Exercise directions: Your output is to hold only the lines from the one showing "Robe de bal" through the end of the listing, exactly, with every picture excluded.

Source data:
= = = = =

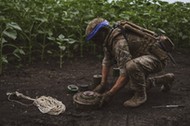 Ukraińscy saperzy rozminowują polną drogę w południowej części Donbasu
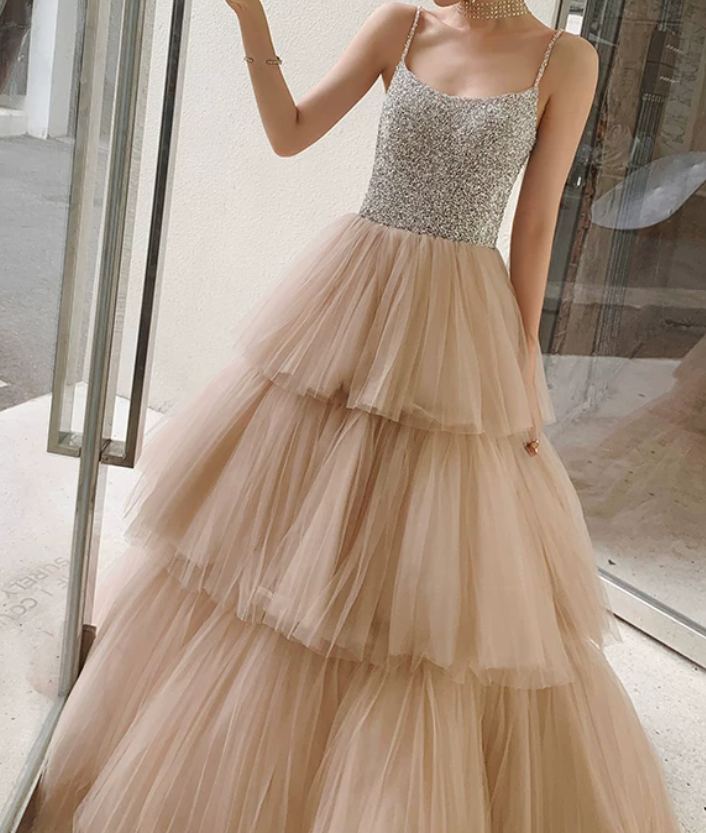 Robe de bal de princesse bustier à volants en satin long, robe de soirée C8117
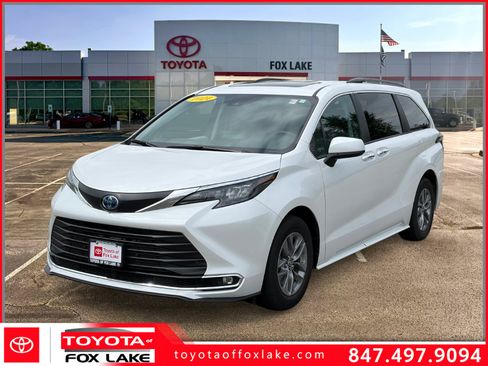 Used 2024 Toyota Sienna XLE AWD/4WD image 1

= = = = =

Answer section:
 Robe de bal de princesse bustier à volants en satin long, robe de soirée C8117
 Used 2024 Toyota Sienna XLE AWD/4WD image 1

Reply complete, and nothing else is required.